* Representing Debian Metadata in Git
@ 2024-08-20 7:10 Simon Richter
2024-08-21 21:37 ` Chris Hofstaedtler
` (2 more replies)
0 siblings, 3 replies; 6+ messages in thread
From: Simon Richter @ 2024-08-20 7:10 UTC (permalink / raw)
To: git, debian-devel
Hi,
there's a bit of a discussion within Debian on collaborating using Git.
One of the long-standing issues is that there are multiple ways Debian
packaging can be represented in a git tree, and none of them are optimal.
The problem at hand is that the packaging workflow consists of
1. importing an upstream release
2. optionally stripping out undistributable parts
3. adding packaging metadata
4. optionally adding a patch stack
The workflow for upgrading a package is
1. import a new upstream release
2. apply and possibly modify the exclusion list
3. apply the packaging metadata, updating it in the process
4. rebase the patch stack
Right now, git is used mainly as a network file system, and only tagged
releases are expected to be consistent enough to compile, because often
going from one consistent state to another as an atomic operation would
require multiple changes to be applied in the same commit.

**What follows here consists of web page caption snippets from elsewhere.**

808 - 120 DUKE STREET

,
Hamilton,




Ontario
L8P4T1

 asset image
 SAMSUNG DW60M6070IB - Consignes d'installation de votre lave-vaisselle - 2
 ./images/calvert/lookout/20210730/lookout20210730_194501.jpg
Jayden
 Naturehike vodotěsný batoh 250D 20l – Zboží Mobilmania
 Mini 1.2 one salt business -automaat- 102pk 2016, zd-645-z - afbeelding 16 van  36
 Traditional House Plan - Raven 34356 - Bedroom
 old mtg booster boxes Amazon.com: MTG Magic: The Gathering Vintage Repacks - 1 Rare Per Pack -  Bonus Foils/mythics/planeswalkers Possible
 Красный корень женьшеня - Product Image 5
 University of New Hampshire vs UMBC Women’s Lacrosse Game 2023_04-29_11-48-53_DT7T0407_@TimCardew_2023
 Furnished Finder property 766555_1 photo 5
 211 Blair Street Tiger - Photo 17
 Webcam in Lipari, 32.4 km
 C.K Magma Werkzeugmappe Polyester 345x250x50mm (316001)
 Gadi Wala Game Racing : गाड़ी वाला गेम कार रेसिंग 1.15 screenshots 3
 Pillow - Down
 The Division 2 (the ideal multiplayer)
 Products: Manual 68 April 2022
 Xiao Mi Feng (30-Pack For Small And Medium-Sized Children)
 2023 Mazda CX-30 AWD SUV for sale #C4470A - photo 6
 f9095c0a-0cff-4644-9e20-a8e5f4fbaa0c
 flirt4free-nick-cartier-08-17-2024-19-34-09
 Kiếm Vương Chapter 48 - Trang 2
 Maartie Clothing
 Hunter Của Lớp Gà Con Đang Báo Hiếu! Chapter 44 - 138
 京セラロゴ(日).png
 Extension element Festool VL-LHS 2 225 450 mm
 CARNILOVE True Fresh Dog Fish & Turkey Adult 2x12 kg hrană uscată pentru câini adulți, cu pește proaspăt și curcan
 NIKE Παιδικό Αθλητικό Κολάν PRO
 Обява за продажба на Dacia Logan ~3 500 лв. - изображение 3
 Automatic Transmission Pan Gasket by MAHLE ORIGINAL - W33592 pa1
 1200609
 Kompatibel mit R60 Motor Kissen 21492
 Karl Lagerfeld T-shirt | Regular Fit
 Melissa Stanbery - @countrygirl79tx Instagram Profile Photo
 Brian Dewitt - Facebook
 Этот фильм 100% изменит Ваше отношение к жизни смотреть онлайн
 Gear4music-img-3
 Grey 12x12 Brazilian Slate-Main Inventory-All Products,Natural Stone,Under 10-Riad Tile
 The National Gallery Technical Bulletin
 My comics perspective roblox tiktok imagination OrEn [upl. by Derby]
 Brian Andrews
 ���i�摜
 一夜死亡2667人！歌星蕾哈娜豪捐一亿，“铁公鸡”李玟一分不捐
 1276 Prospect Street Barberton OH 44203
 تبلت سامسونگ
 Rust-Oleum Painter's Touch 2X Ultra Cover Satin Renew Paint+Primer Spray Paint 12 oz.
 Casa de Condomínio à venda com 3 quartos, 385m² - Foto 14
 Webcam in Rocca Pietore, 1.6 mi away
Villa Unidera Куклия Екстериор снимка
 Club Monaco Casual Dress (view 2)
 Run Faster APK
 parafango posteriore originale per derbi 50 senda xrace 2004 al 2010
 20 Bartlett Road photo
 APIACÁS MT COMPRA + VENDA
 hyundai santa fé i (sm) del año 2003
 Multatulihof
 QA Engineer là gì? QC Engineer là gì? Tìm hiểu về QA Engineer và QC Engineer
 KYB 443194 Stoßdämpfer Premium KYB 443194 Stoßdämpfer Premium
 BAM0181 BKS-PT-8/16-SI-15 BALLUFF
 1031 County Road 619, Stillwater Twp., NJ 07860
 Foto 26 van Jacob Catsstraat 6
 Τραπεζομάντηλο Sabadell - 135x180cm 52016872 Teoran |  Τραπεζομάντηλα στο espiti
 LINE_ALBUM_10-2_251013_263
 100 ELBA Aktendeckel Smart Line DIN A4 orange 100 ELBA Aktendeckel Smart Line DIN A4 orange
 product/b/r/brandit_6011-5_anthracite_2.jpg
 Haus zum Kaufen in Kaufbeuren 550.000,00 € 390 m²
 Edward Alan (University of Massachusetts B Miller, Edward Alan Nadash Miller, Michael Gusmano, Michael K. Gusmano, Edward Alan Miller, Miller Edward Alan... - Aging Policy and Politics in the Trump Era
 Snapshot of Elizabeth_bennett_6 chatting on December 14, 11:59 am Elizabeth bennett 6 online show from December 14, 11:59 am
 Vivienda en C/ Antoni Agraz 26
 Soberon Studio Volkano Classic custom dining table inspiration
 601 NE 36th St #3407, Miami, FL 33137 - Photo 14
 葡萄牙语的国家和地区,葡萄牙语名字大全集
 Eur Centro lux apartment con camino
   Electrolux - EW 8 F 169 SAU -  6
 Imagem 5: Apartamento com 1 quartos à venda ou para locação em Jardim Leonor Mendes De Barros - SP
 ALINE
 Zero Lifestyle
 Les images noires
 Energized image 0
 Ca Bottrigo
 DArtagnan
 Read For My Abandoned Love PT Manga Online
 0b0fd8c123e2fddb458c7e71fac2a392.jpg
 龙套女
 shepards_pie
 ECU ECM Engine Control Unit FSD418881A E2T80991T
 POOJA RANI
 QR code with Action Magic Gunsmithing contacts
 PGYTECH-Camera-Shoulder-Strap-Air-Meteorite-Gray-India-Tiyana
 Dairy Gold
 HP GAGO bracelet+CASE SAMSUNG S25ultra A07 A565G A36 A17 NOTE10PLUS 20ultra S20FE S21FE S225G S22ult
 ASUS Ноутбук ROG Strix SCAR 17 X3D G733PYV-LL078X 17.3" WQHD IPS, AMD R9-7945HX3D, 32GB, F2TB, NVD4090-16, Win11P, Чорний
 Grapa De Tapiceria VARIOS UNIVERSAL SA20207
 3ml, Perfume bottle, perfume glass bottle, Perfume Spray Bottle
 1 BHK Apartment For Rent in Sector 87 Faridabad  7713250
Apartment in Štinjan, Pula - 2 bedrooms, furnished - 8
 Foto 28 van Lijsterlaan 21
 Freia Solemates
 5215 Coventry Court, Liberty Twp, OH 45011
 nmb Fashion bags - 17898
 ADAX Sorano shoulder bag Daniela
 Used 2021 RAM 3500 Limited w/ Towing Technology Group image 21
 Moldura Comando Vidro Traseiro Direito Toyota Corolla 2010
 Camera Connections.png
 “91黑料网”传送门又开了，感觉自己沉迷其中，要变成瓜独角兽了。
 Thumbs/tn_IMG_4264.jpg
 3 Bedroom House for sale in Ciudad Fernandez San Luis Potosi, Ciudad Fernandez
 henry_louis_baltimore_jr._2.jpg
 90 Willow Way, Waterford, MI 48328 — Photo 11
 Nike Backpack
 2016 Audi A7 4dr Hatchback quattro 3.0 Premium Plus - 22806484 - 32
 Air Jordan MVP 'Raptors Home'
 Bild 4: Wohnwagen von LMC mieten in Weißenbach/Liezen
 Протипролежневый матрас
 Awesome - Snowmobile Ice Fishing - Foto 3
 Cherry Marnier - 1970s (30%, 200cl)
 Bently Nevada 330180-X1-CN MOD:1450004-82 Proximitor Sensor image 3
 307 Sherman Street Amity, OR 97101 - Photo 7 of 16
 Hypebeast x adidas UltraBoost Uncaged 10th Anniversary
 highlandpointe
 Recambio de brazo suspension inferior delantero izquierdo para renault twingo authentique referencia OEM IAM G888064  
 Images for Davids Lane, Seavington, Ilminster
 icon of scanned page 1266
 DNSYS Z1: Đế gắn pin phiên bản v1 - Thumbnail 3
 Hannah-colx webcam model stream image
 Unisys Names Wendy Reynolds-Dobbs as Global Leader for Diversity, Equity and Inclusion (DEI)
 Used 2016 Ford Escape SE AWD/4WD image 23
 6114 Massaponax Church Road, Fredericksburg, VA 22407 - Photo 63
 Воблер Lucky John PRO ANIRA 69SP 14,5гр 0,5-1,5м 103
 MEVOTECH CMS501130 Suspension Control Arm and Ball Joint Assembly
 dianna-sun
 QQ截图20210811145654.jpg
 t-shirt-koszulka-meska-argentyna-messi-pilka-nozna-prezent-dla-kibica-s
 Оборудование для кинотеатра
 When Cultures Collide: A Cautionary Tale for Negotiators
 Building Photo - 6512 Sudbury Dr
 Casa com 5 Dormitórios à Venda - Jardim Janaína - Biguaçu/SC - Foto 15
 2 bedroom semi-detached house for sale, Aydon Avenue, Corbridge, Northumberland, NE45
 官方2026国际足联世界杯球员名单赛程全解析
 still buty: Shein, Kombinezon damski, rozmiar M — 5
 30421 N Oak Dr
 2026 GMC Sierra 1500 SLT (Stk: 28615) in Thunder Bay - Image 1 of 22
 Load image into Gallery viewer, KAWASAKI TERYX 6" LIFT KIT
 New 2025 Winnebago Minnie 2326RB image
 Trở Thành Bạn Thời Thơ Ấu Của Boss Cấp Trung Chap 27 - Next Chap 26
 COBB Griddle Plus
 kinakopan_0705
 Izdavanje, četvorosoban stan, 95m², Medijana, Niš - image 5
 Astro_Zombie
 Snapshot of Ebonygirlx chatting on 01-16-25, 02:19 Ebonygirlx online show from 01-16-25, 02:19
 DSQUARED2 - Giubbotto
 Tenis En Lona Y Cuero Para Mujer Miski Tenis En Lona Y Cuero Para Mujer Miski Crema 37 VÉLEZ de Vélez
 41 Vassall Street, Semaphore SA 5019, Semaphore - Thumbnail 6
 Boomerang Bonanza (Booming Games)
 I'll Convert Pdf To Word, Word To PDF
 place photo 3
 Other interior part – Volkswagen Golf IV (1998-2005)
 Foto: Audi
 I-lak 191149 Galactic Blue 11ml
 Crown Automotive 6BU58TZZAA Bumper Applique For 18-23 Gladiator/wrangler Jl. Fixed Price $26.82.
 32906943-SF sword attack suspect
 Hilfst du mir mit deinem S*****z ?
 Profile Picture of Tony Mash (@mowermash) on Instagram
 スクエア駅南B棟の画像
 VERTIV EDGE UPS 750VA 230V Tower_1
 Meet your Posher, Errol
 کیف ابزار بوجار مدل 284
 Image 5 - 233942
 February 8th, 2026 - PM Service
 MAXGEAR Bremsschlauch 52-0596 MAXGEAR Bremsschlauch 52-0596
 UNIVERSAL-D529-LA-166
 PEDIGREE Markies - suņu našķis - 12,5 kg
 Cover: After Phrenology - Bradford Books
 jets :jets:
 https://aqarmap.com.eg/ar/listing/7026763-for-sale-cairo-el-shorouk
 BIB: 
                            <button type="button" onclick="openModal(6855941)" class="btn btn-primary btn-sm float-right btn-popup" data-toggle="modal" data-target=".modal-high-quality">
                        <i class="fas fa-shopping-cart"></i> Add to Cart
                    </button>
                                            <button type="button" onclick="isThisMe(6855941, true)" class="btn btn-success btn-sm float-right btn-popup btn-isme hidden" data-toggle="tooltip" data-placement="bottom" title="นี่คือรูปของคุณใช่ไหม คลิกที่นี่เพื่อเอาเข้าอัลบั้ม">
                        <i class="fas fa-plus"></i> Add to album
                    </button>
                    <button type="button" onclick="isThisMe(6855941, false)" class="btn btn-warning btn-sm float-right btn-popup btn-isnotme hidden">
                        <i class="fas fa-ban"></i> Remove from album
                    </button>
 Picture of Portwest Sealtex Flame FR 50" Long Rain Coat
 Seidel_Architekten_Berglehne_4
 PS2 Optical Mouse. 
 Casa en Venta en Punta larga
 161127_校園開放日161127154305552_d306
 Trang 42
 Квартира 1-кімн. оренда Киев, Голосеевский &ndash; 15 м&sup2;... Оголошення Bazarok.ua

The imported archive is represented either directly as a tree (which may
be imported from the upstream project if no files are undistributable
for Debian), or via a mechanism that can reproduce a compressed archive
that is bitwise identical to the upstream release, from a tree and some
additional patch data.
The patch stack is stored as a set of patches inside a directory, and
rebased using quilt.
An alternate representation stores the patch stack as a branch that is
rebased using git, and then exported to single files.
The Debian changelog is stored as a file inside Git, but some automation
exists to update this from Git commit messages.
Debian changelog entries refer to bugs in the Debian Bug Tracking
system. There is a desire to also incorporate forges (currently, GitLab)
and refer to the forges' issue tracker from commit messages (where the
issue tracker is used for team collaboration, while the Debian BTS is
used for user-visible bugs).
All of this is very silly, because we're essentially storing metadata as
data because we cannot express in Git what we're actually doing, and the
conflicting priorities people have have led to conflicting solutions.
I'd like to xkcd 927 this now, and find a common mapping.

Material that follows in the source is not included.